* Problem details
Transcribe each entry below exactly. Pictures do not go in the copy.

* Stored data
........
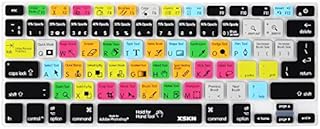 Adobe Photoshop Shortcuts Keyboard Skin Hot Keys PS Keyboard Cover for MacBook Air 13 & MacBook Pro 13 15 17, Retina (US/European ISO Keyboard)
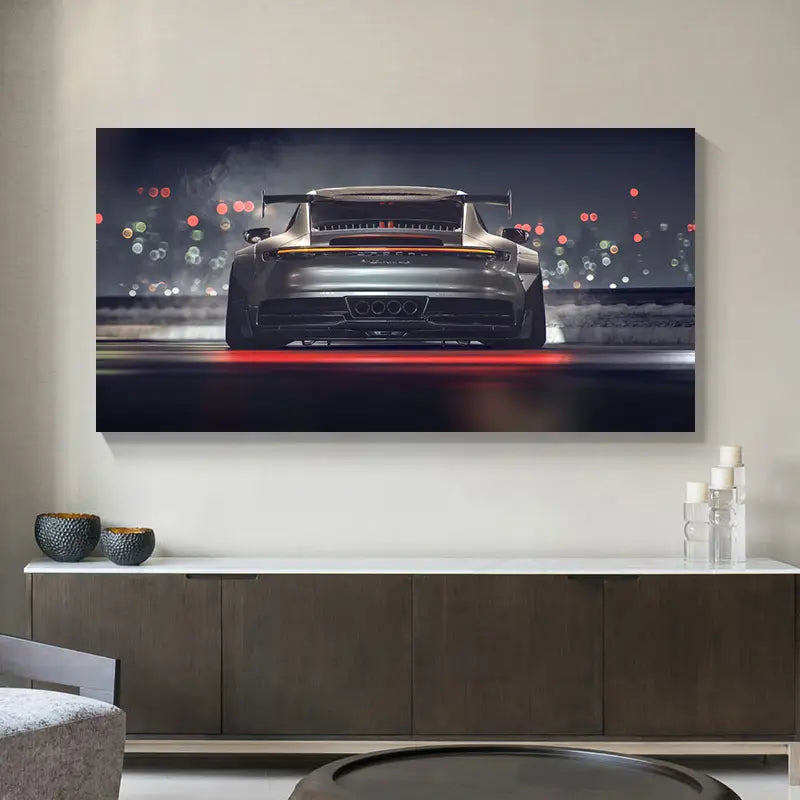 "Night Racer" – Supercar Canvas Wall Art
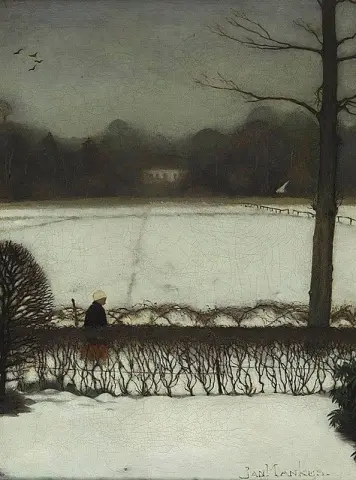 Vista desde el estudio en Eerbeek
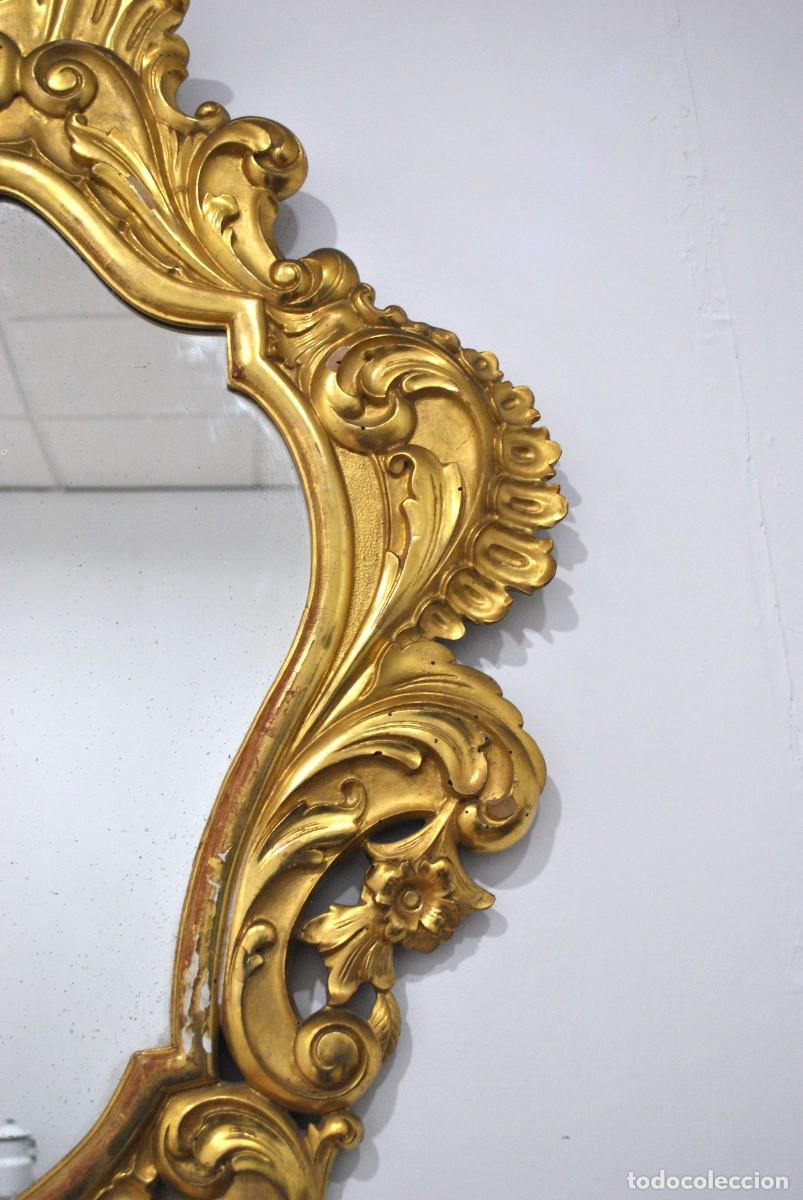 Antig&uuml;edades: ESPEJO ANTIGUO ORO ROCOC&Oacute; ESTILO LUIS XV - Foto 6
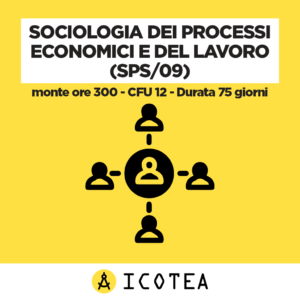 Sociologia dei Processi Economici e del Lavoro (SPS09) - monte ore 300 - CFU 12 - Durata 75 giorni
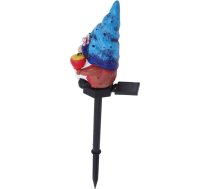 Artibetter Saules dārza rūķu gaisma ar laikapstākļu izturīgu plastmasas automātisko krēslas sensoru Dekoratīvā saules spuldzes lampa dārzam un zālienam Mīļš āra figūriņa atmosfēras radīšanai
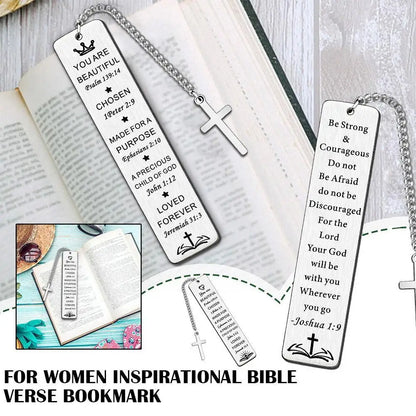 Christian Bookmarks Gifts Steel Bookmark For Women Inspirational Bible Verse Bookmark For Books Stationery For Kids Student Q1k5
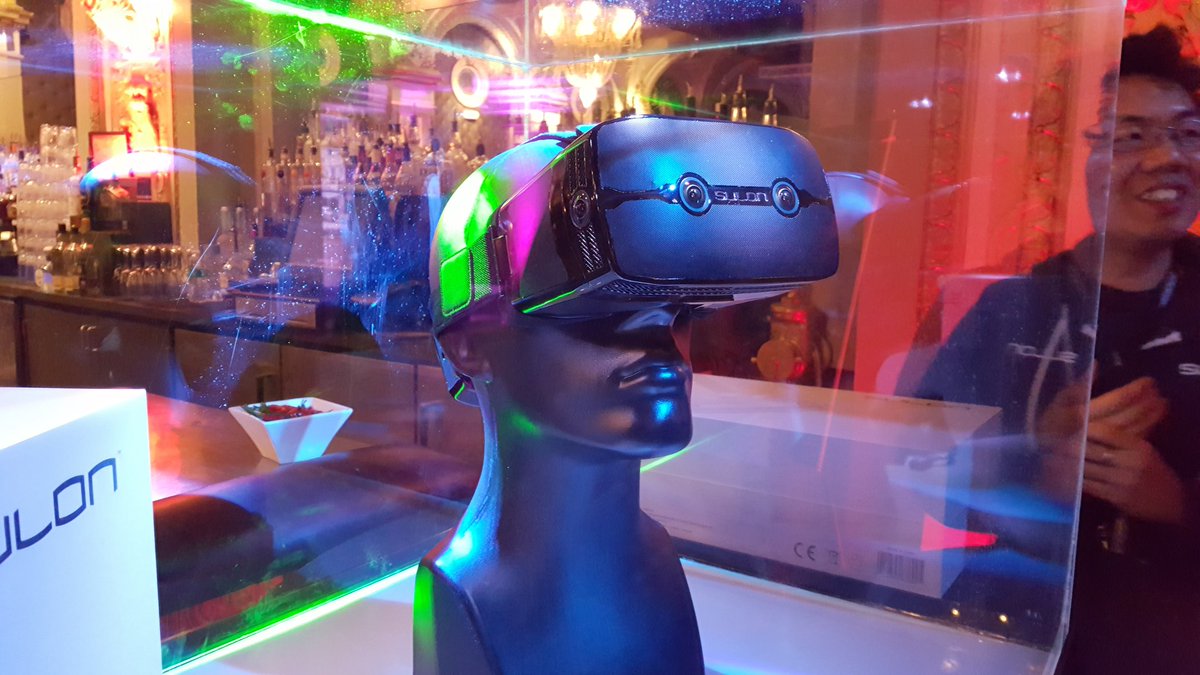 markhachman's tweet image. Unfortunately, that sweet Sulon AR/VR headset is under glass. #AMDCapsaicin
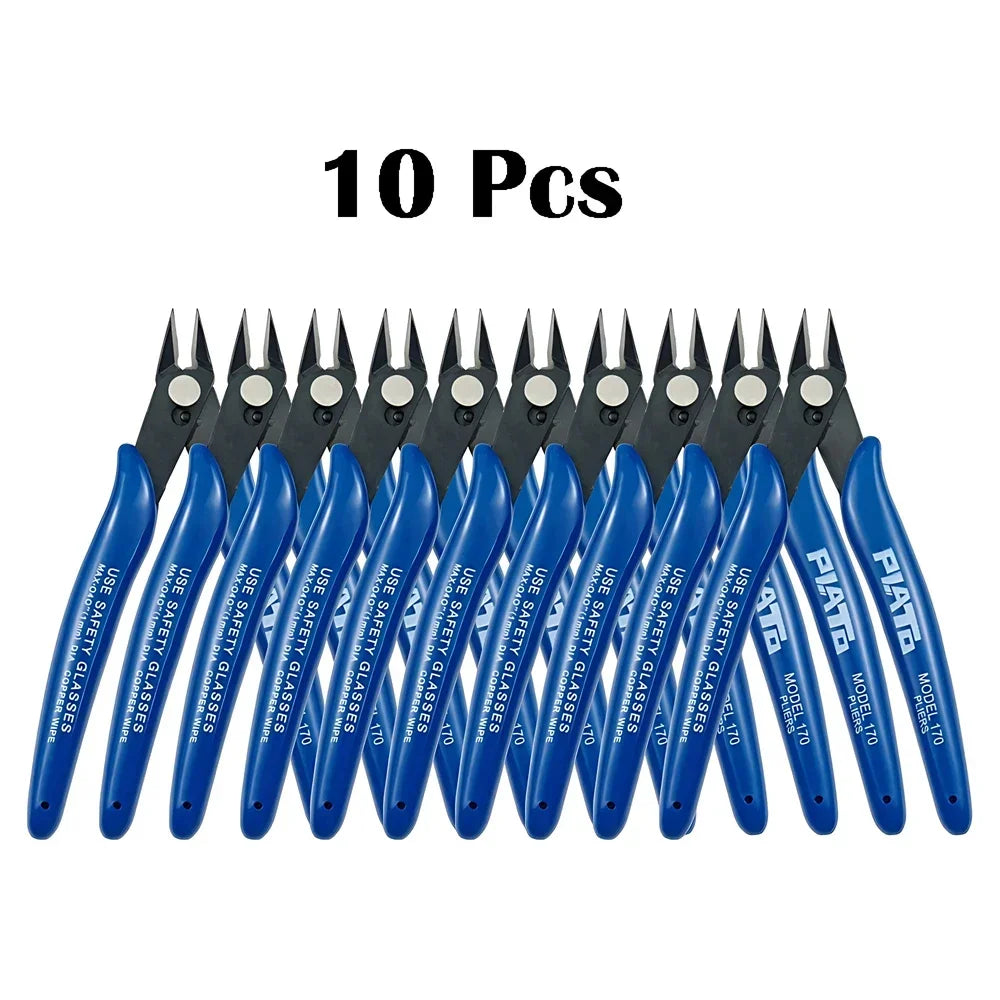 PLATO 170 Wishful Clamp DIY Electronic Diagonal Pliers Side Cutting Nippers Wire Cutter 3D Printer Parts Models Hand Tools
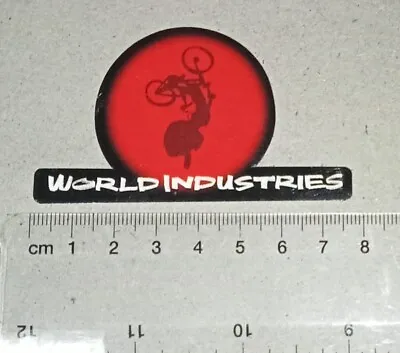 World Industries Skateboard Sticker Rare Vintage  • $11.75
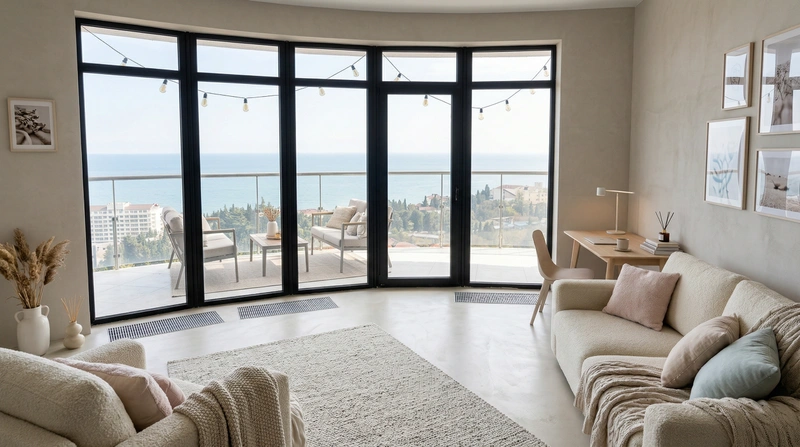 Дизайн гостиной в стиле Хюгге — фото интерьера от нейросети RoomGPT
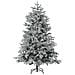 Albero Di Natale Artificiale Ricoperto Di Neve 180 Cm Bianco Bassie - Foto miniatura 1
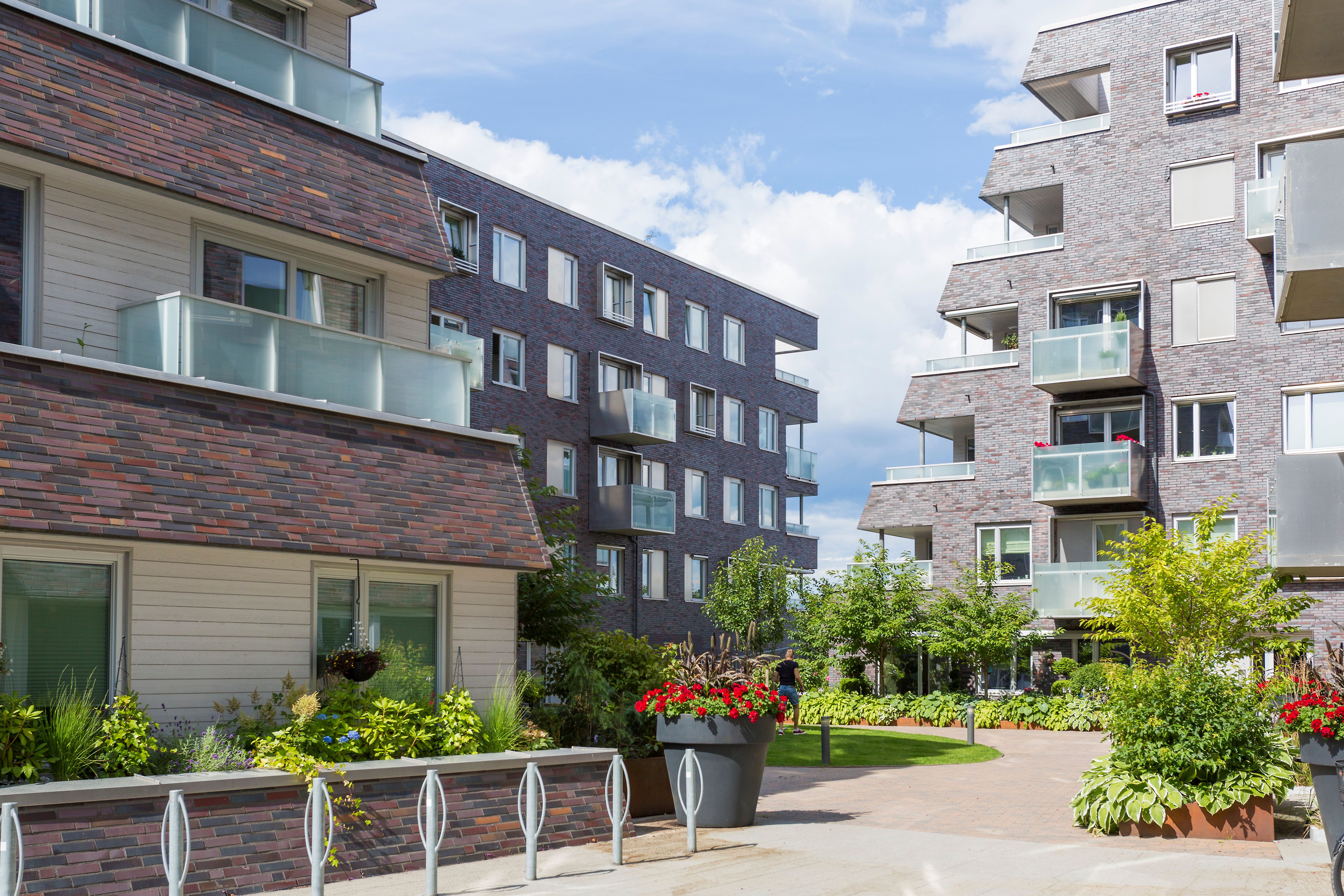 moderne arkitektur og sykkelparkering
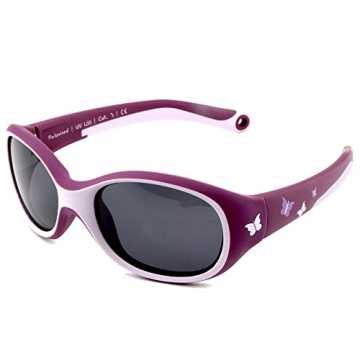 GreenheimderDas Augenlicht unserer Kinder ist besonders schützenswert.. KINDER-Sonnenbrille | MÄDCHEN | 100% UV 400 Schutz | polarisiert | unzerstörb... nachhaltig
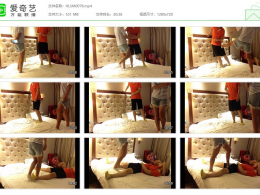 【活力诗蔓】美腿少女床上白袜虐踢狠踩男生下体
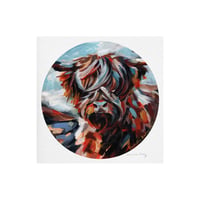Highland Cow Art Print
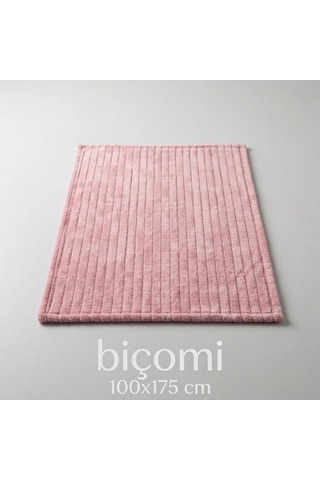 Biçomi Wellsoft Ekstra Yumuşak Tek Kişilik Tv & Dinlenme Battaniyesi 100x175 Cm - Pudra Pudra Pembe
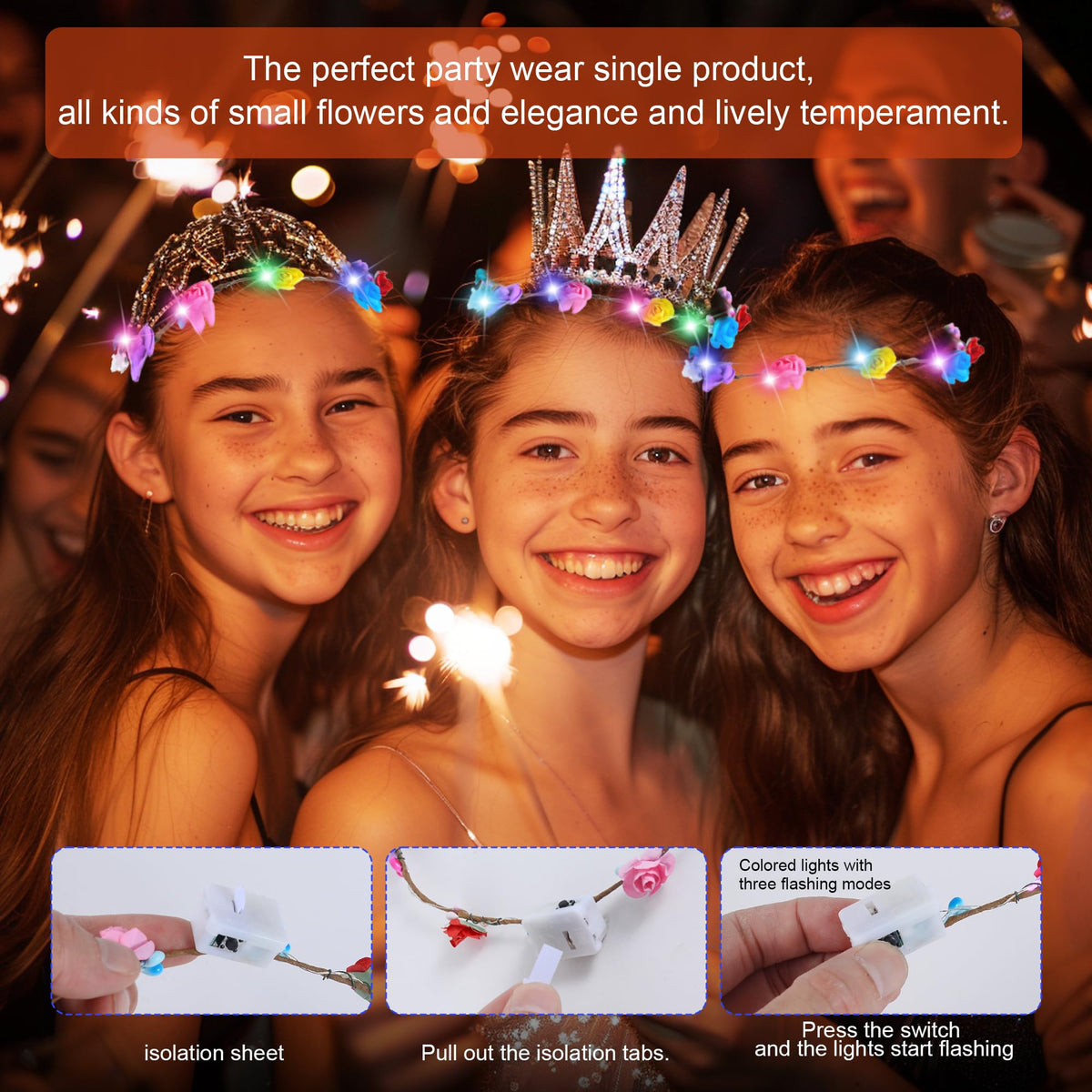 QSJQAMG display of all 30 headbands to show quantity and matching set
........
* Your solution
 Adobe Photoshop Shortcuts Keyboard Skin Hot Keys PS Keyboard Cover for MacBook Air 13 & MacBook Pro 13 15 17, Retina (US/European ISO Keyboard)
 "Night Racer" – Supercar Canvas Wall Art
 Vista desde el estudio en Eerbeek
 Antig&uuml;edades: ESPEJO ANTIGUO ORO ROCOC&Oacute; ESTILO LUIS XV - Foto 6
 Sociologia dei Processi Economici e del Lavoro (SPS09) - monte ore 300 - CFU 12 - Durata 75 giorni
 Artibetter Saules dārza rūķu gaisma ar laikapstākļu izturīgu plastmasas automātisko krēslas sensoru Dekoratīvā saules spuldzes lampa dārzam un zālienam Mīļš āra figūriņa atmosfēras radīšanai
 Christian Bookmarks Gifts Steel Bookmark For Women Inspirational Bible Verse Bookmark For Books Stationery For Kids Student Q1k5
 markhachman's tweet image. Unfortunately, that sweet Sulon AR/VR headset is under glass. #AMDCapsaicin
 PLATO 170 Wishful Clamp DIY Electronic Diagonal Pliers Side Cutting Nippers Wire Cutter 3D Printer Parts Models Hand Tools
 World Industries Skateboard Sticker Rare Vintage  • $11.75
 Дизайн гостиной в стиле Хюгге — фото интерьера от нейросети RoomGPT
 Albero Di Natale Artificiale Ricoperto Di Neve 180 Cm Bianco Bassie - Foto miniatura 1
 moderne arkitektur og sykkelparkering
 GreenheimderDas Augenlicht unserer Kinder ist besonders schützenswert.. KINDER-Sonnenbrille | MÄDCHEN | 100% UV 400 Schutz | polarisiert | unzerstörb... nachhaltig
 【活力诗蔓】美腿少女床上白袜虐踢狠踩男生下体
Highland Cow Art Print
 Biçomi Wellsoft Ekstra Yumuşak Tek Kişilik Tv & Dinlenme Battaniyesi 100x175 Cm - Pudra Pudra Pembe
 QSJQAMG display of all 30 headbands to show quantity and matching set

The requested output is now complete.